More agreeable with the wallet might be  "Exploring J.R.R. Tolkien's 'The Hobbit' " by Corey Olson (Houghton Mifflin Harcourt), an English professor at Washington College in Maryland who provides a flowing, accessible presentation of the narrative that will please newcomers and old visitors to Middle-earth in equal measure.

For me, however, the real treat this Hobbity season is "The Art of 'The Hobbit' " edited by Wayne Hammond and Christina Scull (Houghton Mifflin Harcourt).

Tolkien was a gifted amateur artist who expressed his mighty vision in paintings and sketches, and this book collects these images (some of these have never been seen before). He gives us, for instance, a quaint, bucolic portrait of life in the Shire in the painting of "Hobbiton-across-the-water"; he also creates detailed paintings of Rivendell, the Misty Mountains, and Smaug in his hall.

One of my favorites is this map of Mirkwood, which is a haunted, tainted place:

An imagined world that seems real: Tolkien's Mirkwood and the Lonely Mountain.

Tolkien's efforts to bring this story into being took so many forms -- invented languages, paintings, maps, songs and poems. I appreciate how this collection of art demonstrates the lengths to which a great artist will go in order to give his world tangibility -- and heft -- in ours.

Etc.: Tolkien's names, Pullman's grimly good

Tolkien's monogram, and Tolkien Estate trademark WHAT'S IN A NAME: Just some trivia for the end of the weekend about J.R.R. Tolkien's interest in the late, great storyteller Snorri Sturluson.

Nancy Marie Brown's new book on the Viking chronicler (featured in a previous post at Call of the Siren) who gave us stories of Odin, Thor & Company also recalled her shock as she flipped through the pages of Snorri's Prose Edda.

Brown couldn't believe her eyes: There, on the page, was a listing of the names of Gandalf as well as that courageous, merry band of dwarves that traveled far and wide in order to battle the dragon Smaug. The list was written more than seven centuries before Tolkien penned "The Hobbit."

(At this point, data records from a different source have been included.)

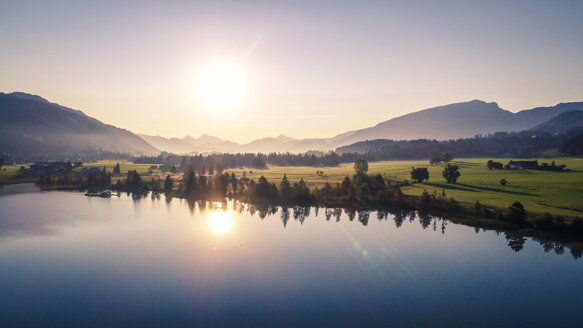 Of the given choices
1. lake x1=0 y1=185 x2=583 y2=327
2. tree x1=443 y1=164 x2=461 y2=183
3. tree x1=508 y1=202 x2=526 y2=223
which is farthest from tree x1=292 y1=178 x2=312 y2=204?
tree x1=443 y1=164 x2=461 y2=183

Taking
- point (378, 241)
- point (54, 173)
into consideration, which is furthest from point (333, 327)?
point (54, 173)

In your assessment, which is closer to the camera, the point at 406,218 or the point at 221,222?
the point at 221,222

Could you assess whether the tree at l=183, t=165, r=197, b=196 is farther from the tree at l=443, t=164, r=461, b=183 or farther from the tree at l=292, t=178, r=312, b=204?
the tree at l=443, t=164, r=461, b=183

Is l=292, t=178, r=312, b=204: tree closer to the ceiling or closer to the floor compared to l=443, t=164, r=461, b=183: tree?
closer to the floor

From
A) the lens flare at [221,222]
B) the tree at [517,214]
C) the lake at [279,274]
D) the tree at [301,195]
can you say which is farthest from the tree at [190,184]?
the tree at [517,214]

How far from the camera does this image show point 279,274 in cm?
3925

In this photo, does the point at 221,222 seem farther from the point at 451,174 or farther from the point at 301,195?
the point at 451,174

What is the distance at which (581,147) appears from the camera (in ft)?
550

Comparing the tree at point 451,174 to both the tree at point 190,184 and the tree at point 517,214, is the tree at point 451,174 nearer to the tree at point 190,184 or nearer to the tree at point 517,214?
the tree at point 517,214

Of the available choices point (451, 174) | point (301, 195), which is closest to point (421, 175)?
point (451, 174)

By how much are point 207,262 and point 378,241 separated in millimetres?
30551

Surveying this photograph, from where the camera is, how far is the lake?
97.1 feet

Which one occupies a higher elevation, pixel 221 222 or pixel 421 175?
pixel 421 175

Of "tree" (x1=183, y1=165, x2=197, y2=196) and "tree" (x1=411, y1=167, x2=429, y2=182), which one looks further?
"tree" (x1=183, y1=165, x2=197, y2=196) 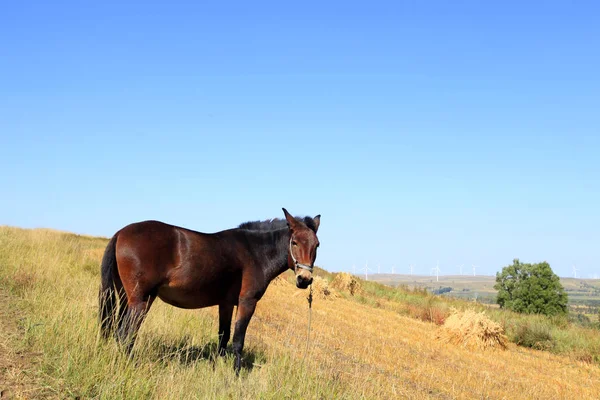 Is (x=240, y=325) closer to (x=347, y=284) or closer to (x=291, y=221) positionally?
(x=291, y=221)

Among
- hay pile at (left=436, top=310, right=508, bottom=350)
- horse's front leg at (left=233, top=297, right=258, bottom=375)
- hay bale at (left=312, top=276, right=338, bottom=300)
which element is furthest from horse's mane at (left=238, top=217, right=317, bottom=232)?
hay bale at (left=312, top=276, right=338, bottom=300)

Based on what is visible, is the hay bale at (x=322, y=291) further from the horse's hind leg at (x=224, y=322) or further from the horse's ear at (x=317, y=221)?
the horse's hind leg at (x=224, y=322)

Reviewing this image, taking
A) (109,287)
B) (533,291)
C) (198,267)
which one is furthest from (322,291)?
(533,291)

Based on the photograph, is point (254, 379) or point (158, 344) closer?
point (254, 379)

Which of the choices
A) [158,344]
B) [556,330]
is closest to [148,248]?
[158,344]

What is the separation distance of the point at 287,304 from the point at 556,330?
957 centimetres

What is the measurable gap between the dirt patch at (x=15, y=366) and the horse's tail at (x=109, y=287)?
3.00 feet

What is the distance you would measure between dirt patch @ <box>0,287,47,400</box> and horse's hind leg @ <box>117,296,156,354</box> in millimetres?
981

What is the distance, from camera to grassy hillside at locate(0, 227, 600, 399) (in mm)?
5746

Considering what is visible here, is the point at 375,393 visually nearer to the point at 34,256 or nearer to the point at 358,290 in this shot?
the point at 34,256

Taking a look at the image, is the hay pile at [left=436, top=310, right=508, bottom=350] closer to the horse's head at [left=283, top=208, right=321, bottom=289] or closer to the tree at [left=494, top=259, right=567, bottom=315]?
the horse's head at [left=283, top=208, right=321, bottom=289]

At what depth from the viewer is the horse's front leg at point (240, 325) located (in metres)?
7.29

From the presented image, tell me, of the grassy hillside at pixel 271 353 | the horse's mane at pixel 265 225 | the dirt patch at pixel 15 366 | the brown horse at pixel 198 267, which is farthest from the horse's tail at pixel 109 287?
the horse's mane at pixel 265 225

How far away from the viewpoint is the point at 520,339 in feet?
55.8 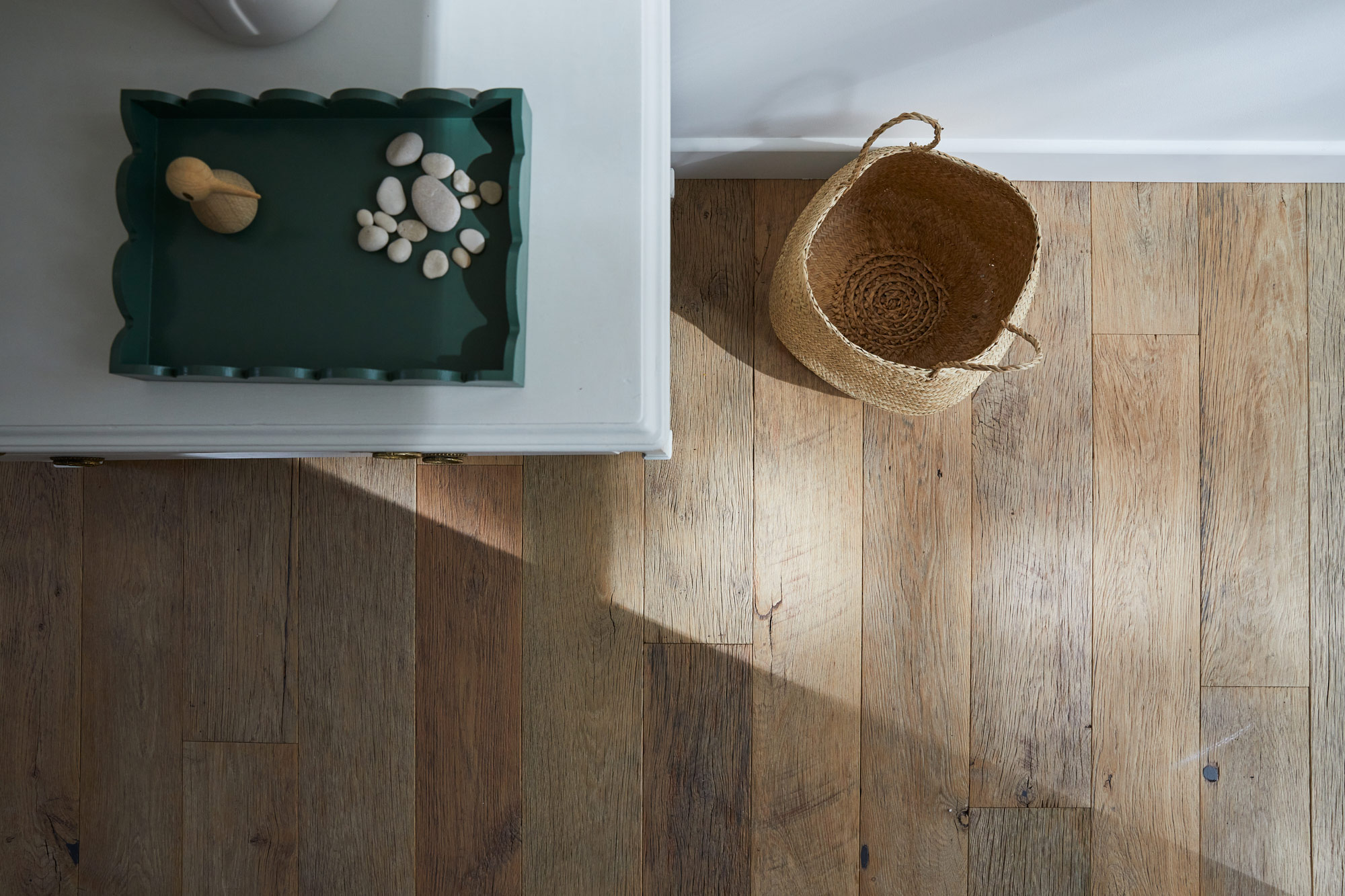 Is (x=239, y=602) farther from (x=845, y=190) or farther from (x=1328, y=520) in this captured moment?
(x=1328, y=520)

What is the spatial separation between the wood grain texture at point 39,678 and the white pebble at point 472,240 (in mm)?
914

Here's that passage from Snorri:

Then all the powerful gods went

to their thrones of fate,

the most sacred gods, and

decided among themselves

that a troop of dwarves

should be created...

Nyi, Nidi,

Nordri, Sudri,

Austri, Vestri,

Althjolf, Dvalin,

Nar, Nain,

Niping, Dain,

Bifur, Bafur,

Bombor, Nori,

Ori, Onar,

Oin, Modvitnir,

Vig and Gandalf,

Vindalf, Thorin,

Fili, Kili....

(taken from Penguin Classics' edition of the Prose Edda, translated by Jesse Byock)

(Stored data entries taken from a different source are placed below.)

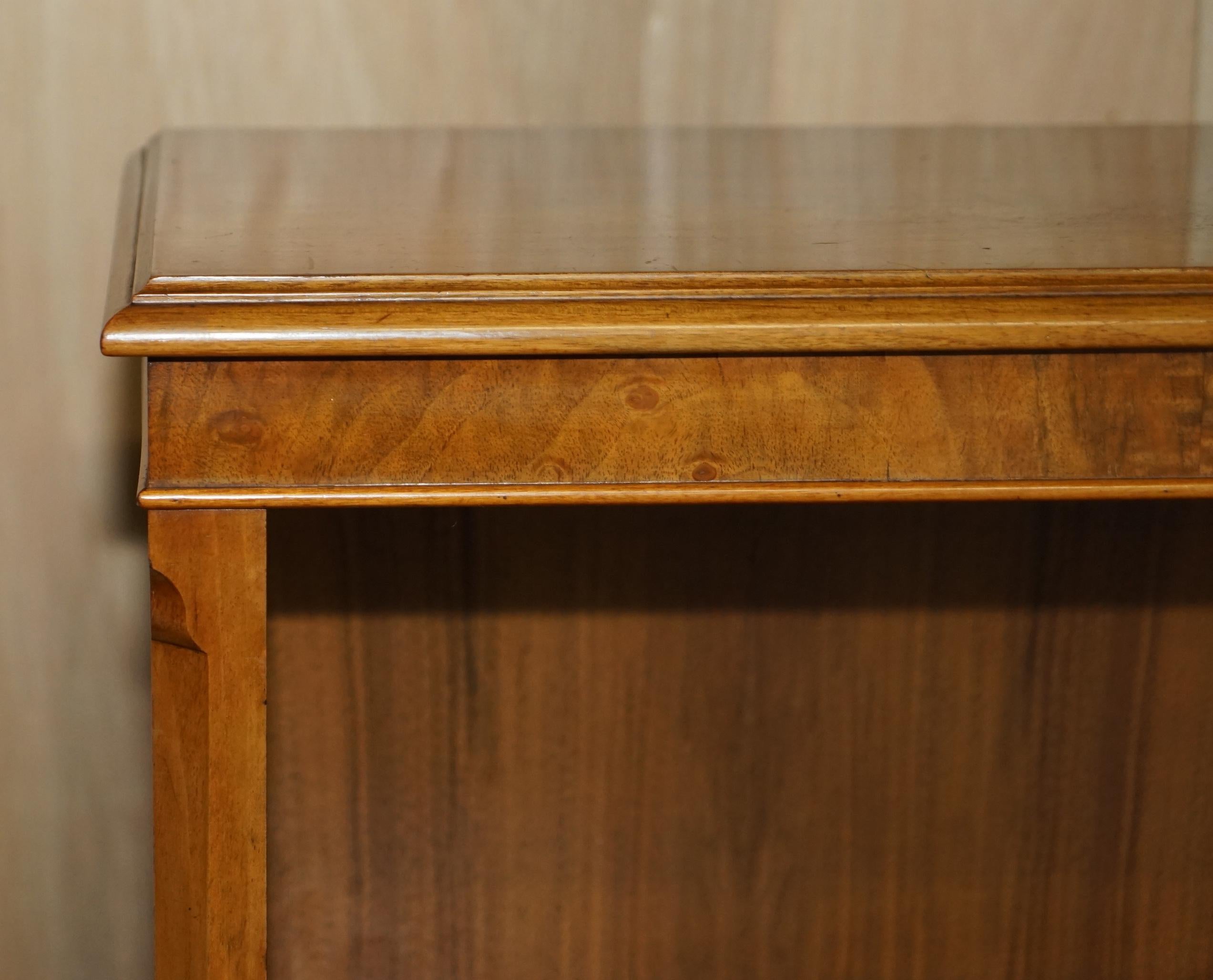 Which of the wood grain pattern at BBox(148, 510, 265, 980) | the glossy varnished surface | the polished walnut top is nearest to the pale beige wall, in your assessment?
the glossy varnished surface

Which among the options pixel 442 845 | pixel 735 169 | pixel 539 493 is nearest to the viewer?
pixel 539 493

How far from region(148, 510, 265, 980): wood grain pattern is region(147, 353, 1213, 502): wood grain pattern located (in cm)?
2

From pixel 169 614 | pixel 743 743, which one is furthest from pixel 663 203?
pixel 743 743

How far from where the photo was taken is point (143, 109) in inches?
32.3

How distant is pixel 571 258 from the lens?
418 millimetres

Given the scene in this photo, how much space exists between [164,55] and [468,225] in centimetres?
43

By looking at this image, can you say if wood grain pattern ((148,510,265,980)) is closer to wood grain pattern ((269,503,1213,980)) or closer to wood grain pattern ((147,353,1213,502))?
wood grain pattern ((147,353,1213,502))

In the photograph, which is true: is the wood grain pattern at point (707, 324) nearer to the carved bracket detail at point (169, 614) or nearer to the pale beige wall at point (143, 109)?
the carved bracket detail at point (169, 614)

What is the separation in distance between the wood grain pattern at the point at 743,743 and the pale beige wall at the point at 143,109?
0.51 ft

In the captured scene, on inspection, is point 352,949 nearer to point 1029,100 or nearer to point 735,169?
point 735,169

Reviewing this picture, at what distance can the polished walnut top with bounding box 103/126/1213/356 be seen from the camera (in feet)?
1.26

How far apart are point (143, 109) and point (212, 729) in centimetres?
52

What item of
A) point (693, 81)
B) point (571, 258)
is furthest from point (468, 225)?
point (693, 81)

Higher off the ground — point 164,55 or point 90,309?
point 164,55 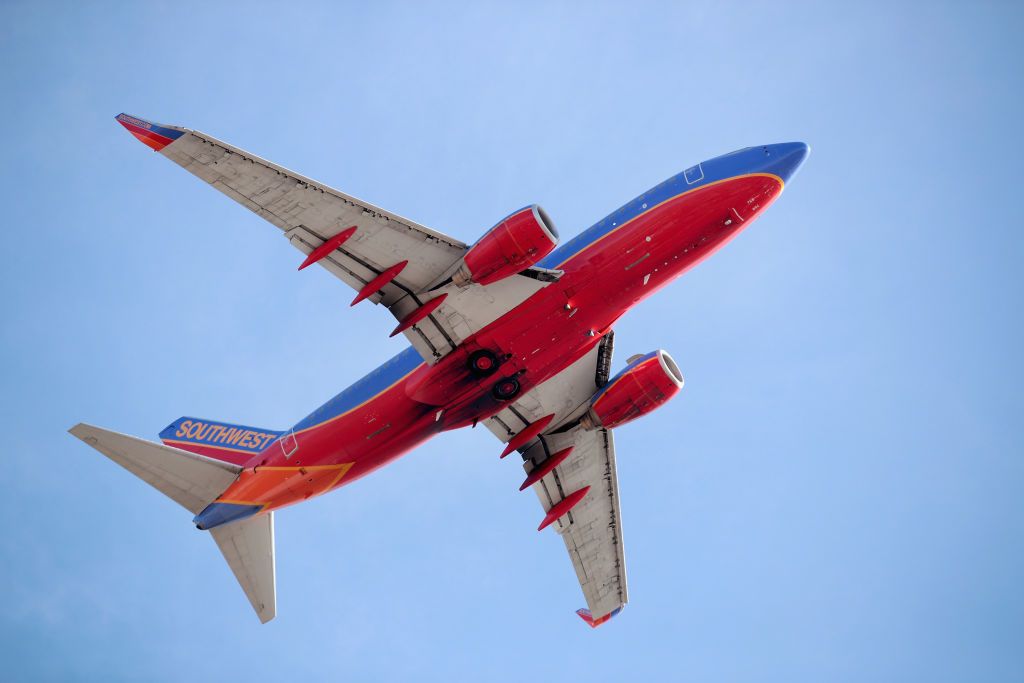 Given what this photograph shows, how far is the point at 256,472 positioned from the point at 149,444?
13.0 ft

So, the great Tolkien wasn't smart enough to invent names on his own?

If you've read any of the great Tolkien scholars, like Tom Shippey, you know the answer: The great inventor of Middle Earth (Midgard, in Snorri's epic) wanted to root his saga in older Western traditions. It increased his cycle's mythic reality. Instead of being an isolated, separate invention, his tales would belong to the great web of historical legend ... and live forever. He wasn't unoriginal -- he was aiming for immortality.

GRIMLY GOOD: Philip Pullman, the epic storyteller behind "The Golden Compass" and the rest of the "His Dark Materials" stories, has retold the stories of the Brothers Grimm in a new edition. A friend, Mindy Farabee, has written a review of the book for the Los Angeles Times that's definitely worth checking out.

P.S.: On hobbit heroism

The epics of old weren't just good fireside entertainment: They were instructive. The stories of the Bible, the Trojan War, the founding of Rome, the ring of the Nibelung, the British warrior-king Arthur presented listeners with stories of the origins of the world, the history of their people, or just examples of heroism, of how to act nobly and true. (Think of all those sweaty, bloodthirsty knights who learned to calm down and act chivalrous because of Arthurian legend.)

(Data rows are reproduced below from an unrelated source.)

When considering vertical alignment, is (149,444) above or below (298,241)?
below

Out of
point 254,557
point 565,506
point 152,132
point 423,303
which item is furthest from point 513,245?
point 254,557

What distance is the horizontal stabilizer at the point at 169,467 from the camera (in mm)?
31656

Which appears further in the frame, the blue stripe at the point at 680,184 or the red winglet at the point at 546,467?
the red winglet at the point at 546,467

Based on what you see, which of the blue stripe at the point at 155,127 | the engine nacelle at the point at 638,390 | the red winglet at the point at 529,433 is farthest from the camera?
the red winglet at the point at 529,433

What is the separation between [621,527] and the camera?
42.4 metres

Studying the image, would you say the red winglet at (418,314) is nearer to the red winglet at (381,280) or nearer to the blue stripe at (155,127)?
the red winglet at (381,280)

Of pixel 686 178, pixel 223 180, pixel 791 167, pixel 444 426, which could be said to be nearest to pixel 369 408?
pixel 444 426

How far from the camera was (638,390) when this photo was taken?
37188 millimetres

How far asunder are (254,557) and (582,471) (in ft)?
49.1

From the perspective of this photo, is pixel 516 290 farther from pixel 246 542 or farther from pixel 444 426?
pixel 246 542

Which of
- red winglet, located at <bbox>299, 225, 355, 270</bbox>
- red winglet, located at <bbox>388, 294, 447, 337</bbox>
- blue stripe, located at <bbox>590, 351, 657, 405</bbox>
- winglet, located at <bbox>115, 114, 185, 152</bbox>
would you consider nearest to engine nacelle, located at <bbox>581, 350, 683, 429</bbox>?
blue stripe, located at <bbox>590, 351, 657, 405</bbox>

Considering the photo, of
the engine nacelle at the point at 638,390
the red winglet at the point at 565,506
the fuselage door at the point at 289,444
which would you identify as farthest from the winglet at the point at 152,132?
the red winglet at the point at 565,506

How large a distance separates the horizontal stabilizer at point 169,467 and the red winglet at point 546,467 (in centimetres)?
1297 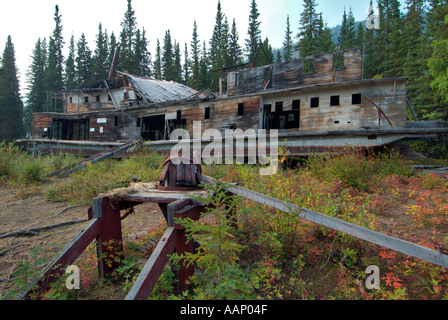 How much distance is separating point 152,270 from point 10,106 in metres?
54.1

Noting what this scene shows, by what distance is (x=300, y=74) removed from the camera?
1664 centimetres

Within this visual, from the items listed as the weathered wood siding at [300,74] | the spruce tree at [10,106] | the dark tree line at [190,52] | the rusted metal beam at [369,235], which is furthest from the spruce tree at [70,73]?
the rusted metal beam at [369,235]

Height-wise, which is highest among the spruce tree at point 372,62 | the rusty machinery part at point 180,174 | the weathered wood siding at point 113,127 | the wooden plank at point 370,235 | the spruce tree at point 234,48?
the spruce tree at point 234,48

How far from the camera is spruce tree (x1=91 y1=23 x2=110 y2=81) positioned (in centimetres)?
4619

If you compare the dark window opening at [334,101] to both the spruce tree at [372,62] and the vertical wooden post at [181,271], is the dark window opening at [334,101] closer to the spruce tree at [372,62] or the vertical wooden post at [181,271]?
the vertical wooden post at [181,271]

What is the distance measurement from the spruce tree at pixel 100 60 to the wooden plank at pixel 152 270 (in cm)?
→ 5320

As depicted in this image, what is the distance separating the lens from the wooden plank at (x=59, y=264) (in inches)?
98.9

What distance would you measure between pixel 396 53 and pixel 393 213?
34.9 meters

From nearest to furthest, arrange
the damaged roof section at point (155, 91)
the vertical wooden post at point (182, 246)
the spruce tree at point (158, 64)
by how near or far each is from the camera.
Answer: the vertical wooden post at point (182, 246) < the damaged roof section at point (155, 91) < the spruce tree at point (158, 64)

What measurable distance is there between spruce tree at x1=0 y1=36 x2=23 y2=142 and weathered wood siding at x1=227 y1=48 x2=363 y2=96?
40.8 meters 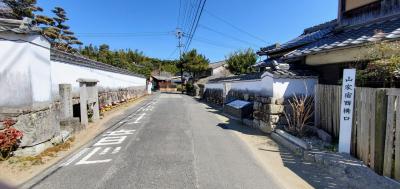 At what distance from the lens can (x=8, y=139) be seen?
20.2ft

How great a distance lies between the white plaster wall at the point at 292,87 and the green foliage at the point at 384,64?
2.28m

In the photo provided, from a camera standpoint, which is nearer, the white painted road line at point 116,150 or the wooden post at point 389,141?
the wooden post at point 389,141

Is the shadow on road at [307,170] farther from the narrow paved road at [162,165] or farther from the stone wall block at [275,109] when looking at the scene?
the stone wall block at [275,109]

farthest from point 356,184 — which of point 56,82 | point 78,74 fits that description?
point 78,74

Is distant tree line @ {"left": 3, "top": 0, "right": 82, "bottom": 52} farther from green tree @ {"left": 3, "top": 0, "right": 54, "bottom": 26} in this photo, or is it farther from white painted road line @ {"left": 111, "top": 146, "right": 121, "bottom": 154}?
white painted road line @ {"left": 111, "top": 146, "right": 121, "bottom": 154}

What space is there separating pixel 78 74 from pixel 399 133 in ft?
43.8

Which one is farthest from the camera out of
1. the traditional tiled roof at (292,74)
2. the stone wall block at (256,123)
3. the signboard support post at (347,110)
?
the stone wall block at (256,123)

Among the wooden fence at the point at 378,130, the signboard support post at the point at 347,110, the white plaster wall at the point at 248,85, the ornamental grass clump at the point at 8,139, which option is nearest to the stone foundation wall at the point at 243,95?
the white plaster wall at the point at 248,85

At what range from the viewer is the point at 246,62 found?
35.2 m

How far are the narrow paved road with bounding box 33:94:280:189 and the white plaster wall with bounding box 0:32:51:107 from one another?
2.05m

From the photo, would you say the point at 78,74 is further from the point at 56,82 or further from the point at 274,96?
the point at 274,96

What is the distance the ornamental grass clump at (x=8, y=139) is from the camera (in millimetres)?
6105

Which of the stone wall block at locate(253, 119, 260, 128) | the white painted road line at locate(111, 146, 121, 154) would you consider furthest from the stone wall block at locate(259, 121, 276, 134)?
the white painted road line at locate(111, 146, 121, 154)

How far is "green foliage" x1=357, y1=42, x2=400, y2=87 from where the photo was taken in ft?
17.4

Which is what Noble Smith's book about the Shire and the halflings who live there (described in my previous post) manages to do, in its own way. That's something I forgot to mention before, and that I felt deserved a post-script item. Smith's book draws on the courage of characters like Frodo Baggins to teach us all how to be.  (Of course, if I were sitting by a fire right now, I'd probably want to hear Tolkien's original stories instead of an explanation of them.) He does an expert job of balancing accessibility with details that any serious Tolkien fan will appreciate.